Metals prices were lower on Wednesday. By early afternoon trade in New York, August gold had dropped 40 cents to $652.70 per troy ounce. In other precious metals, July silver was 3 cents lower to $3.06 per troy ounce and platinum had dropped $12.90 to $1,283.50 per troy ounce.

Among base metals, both nickel and aluminium remained unchanged on the session in London. Nickel traded at $40,500 per tonne after having gone as low as $39,350 earlier in the session, while aluminium was at $2.716.5 per tonne.

Other base metals were lower on the day. Lead dropped 0.6 percent to $2,310 per tonne, while copper and zinc each lost 1 percent. Copper retreated to $7,290 per tonne even though stockpiles in London Metal Exchange warehouses were 450 tonnes lower and worries continued about strikes in Mexico and Chile. Meanwhile zinc traded at $3,675 per tonne after a delivery of 2,800 tonnes of the metal to LME warehouses in Dubai.

Meanwhile, crude oil prices were up on the session. July contracts for Brent crude were up $1.28 to $70.07 per barrel on the Intercontinental Exchange in London, while by mid-afternoon in New York West Texas Intermediate crude for July delivery was $1 higher to $66.35 per barrel. At the same time, Nymex July gasoline was 3 cents higher to $2.16 per gallon, while heating oil had added 5 cents to $1.96 per gallon.

New inventories figures from the US Energy Information Administration showed that gasoline stockpiles in the States were even during the week ending June 8, when they had been expected to rise by 1.7 million barrels.

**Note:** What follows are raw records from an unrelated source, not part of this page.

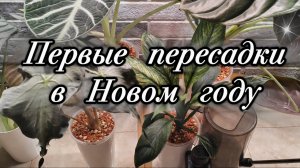Первые пересадки в Новом году | Спатифиллум, алоказии | Минеральный грунт, фитиль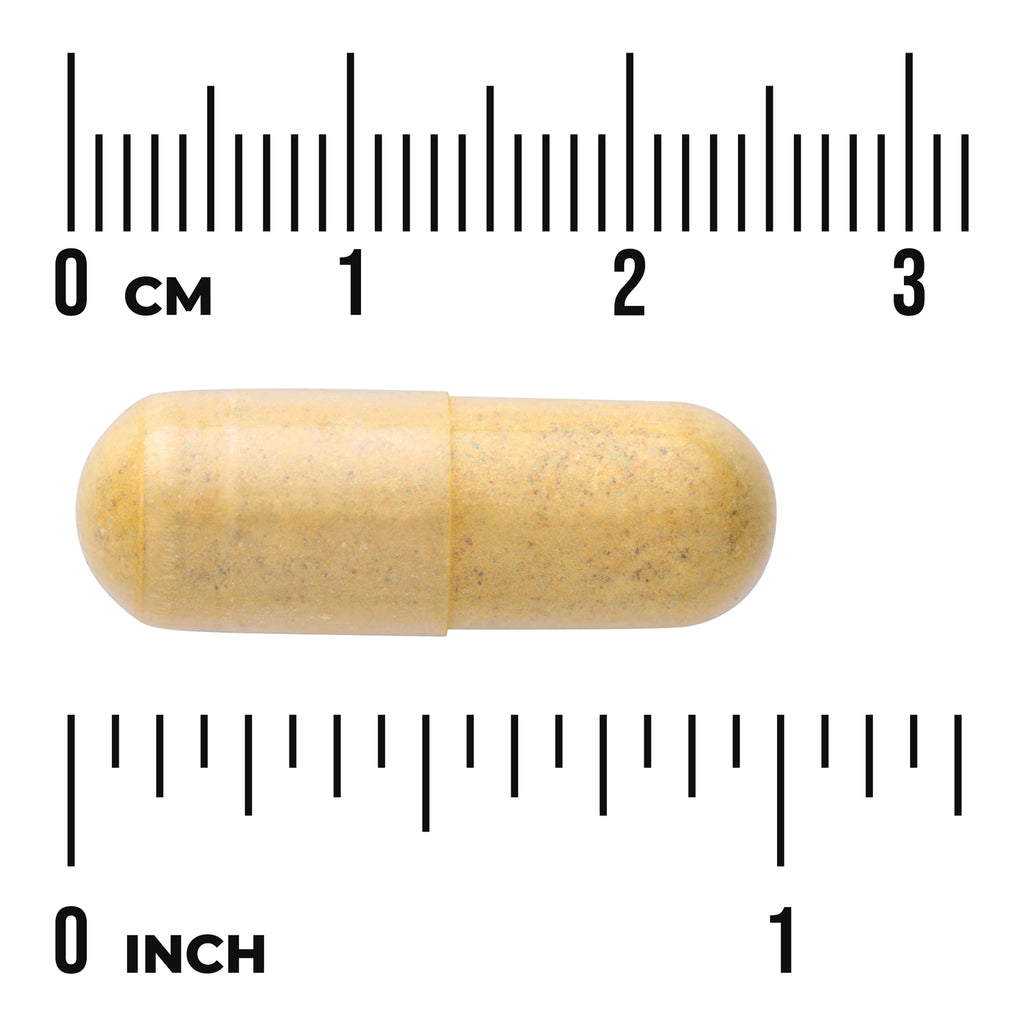 SW834 | Yellow capsule with cm and inch rulers for size - Thumbnail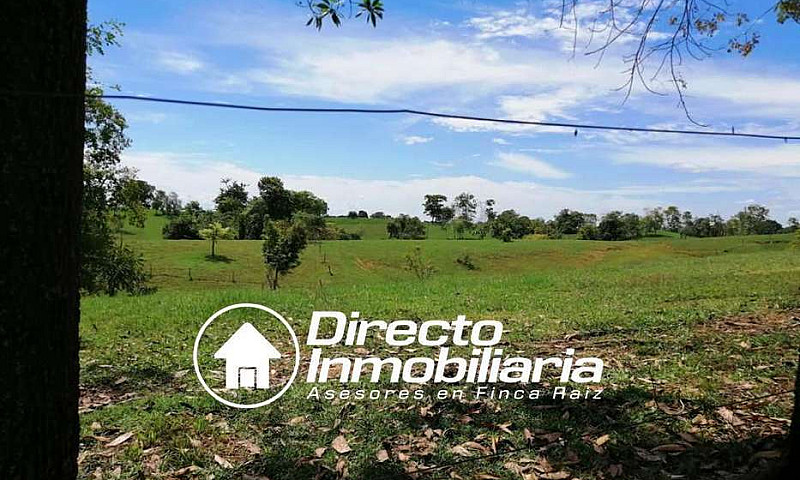 Finca En Venta En Ba...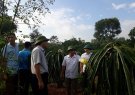 Đồng chí Lê Kim Chất Phó Bí thư thường trực Huyện ủy làm việc với xã Thọ Tân về tình hình thực hiện nhiệm vụ 8 tháng đầu năm 2017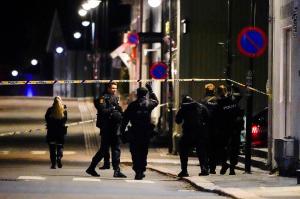 Atac în Norvegia: Un bărbat înarmat cu un arc cu săgeţi a atacat mulţimea. Mai multe persoane au murit
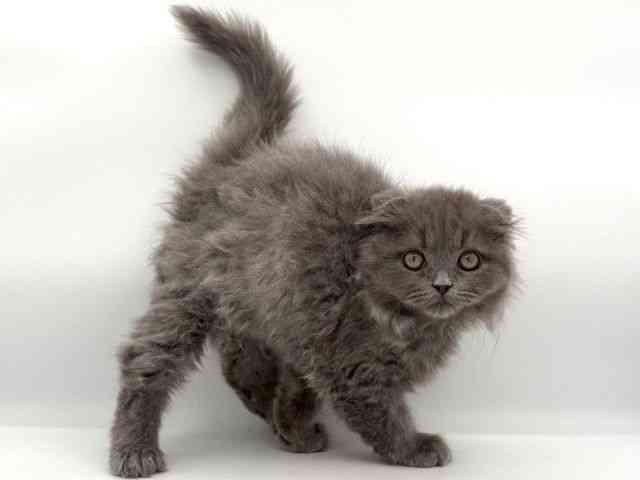 大阪府のスコティッシュフォールド (ひごペットフレンドリーイオンそよら海老江店/2025年11月15日生まれ/女の子/ブルー)の子猫の3枚目の画像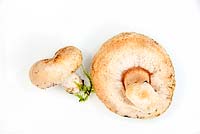 Lactarius pubescens - bearded milkcap fungi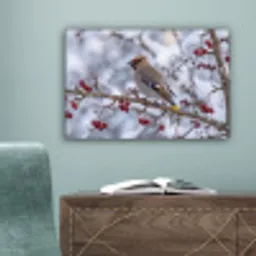 Pestvogel - Bessen - Winter - Natuur canvas 2cm klein -sfeer4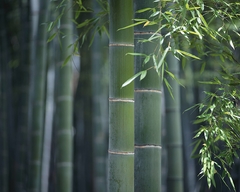 Bambu Gigante Moso - Phyllostachys edulis na internet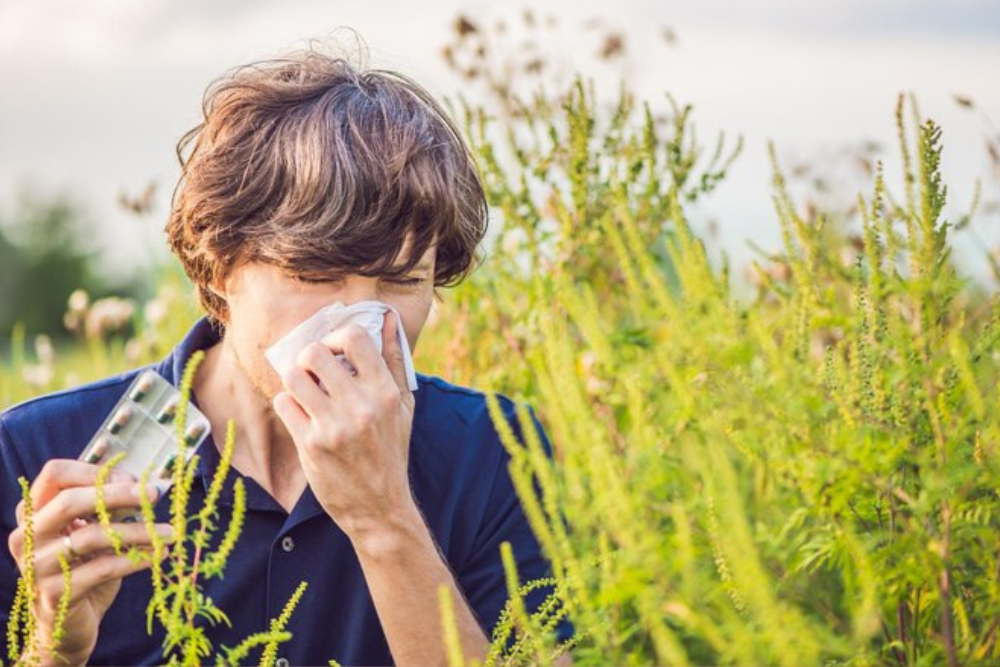 Navigating Grass Allergies: Tips for a Greener, Sneezier Season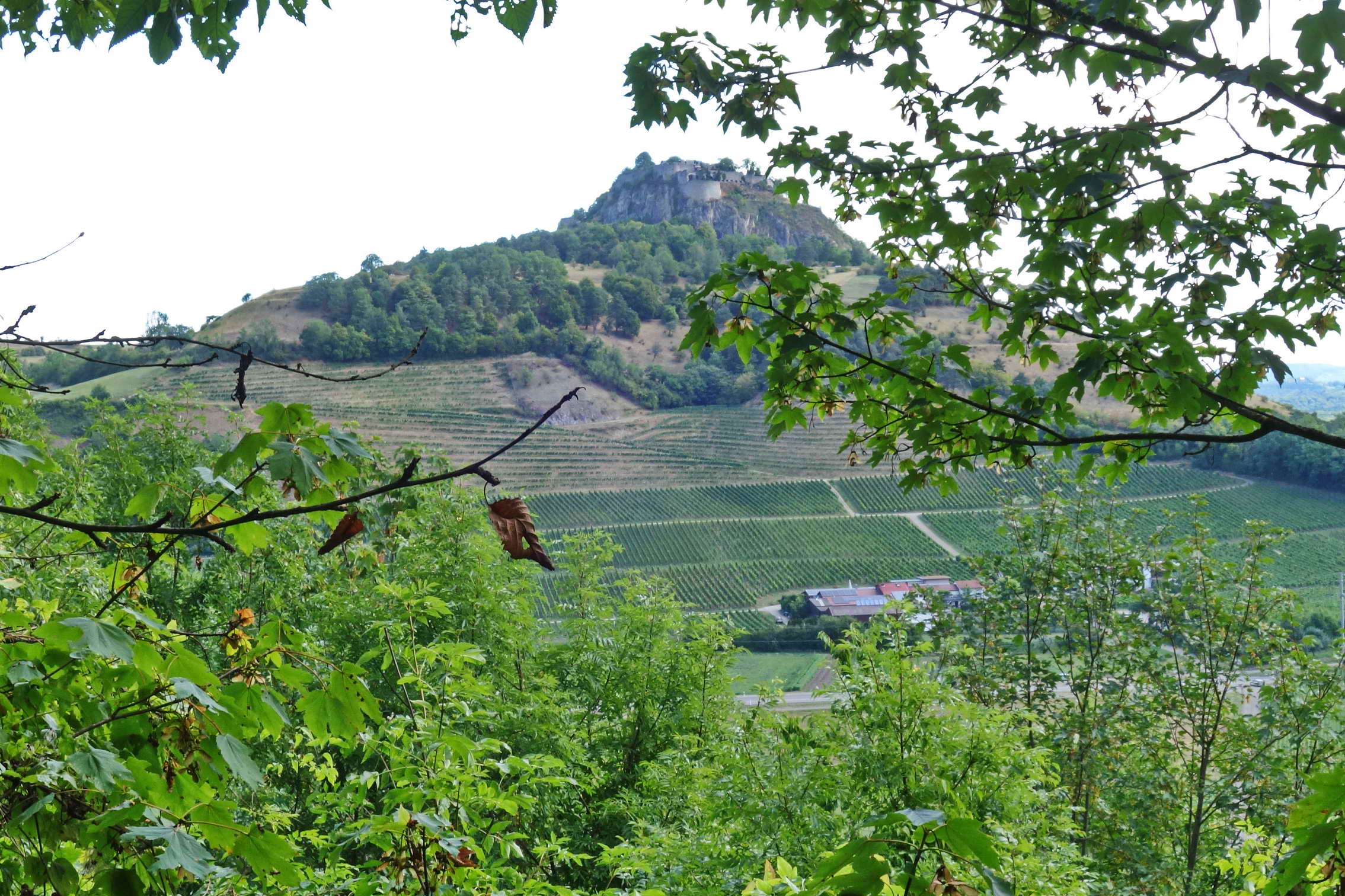 DSC04387a
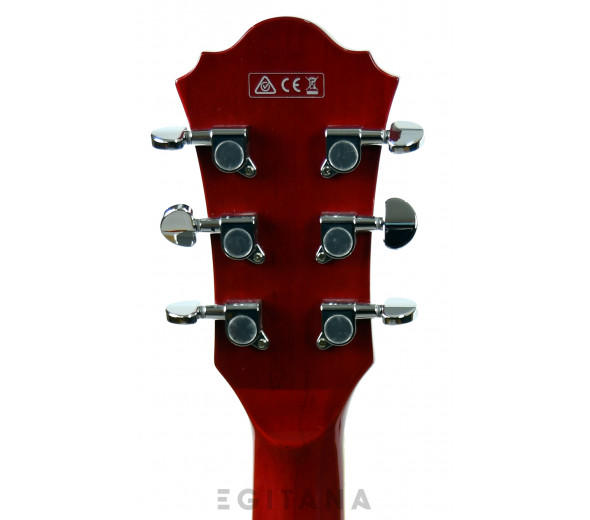 ibanez-as73-tcd_6139d902730df.jpg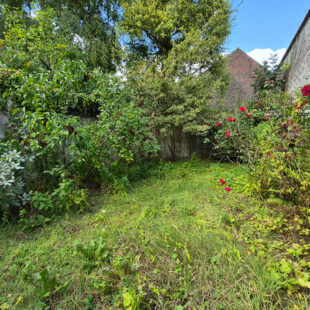 MAISON 3 CHAMBRES JARDIN EN HYPER CENTRE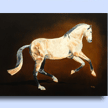 Timeless Andalusian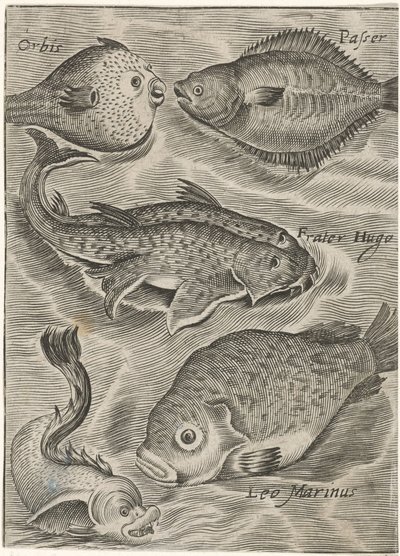 Studieblad は別の方法で出会いました お魚ライブアイコン（連載タイトル） 作： Monogrammist P+P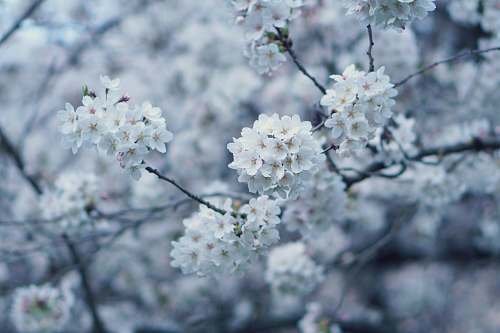 blossom white flowers flower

Imports of gasoline were down by 99,000 barrels per day during the week to 10.14 million barrels, while refinery utilization that dropped to 89.2 percent from 89.6 percent on planned and unplanned shutdowns. Gasoline in storage stood at 201.5 million barrels last week, down 11.6 million barrels from last week at the same time. In addition, crude oil inventories were up by only 100,000 barrels to 342.4 million barrels, while distillates stockpiles grew by just 300,000 barrels to 122.6 million barrels.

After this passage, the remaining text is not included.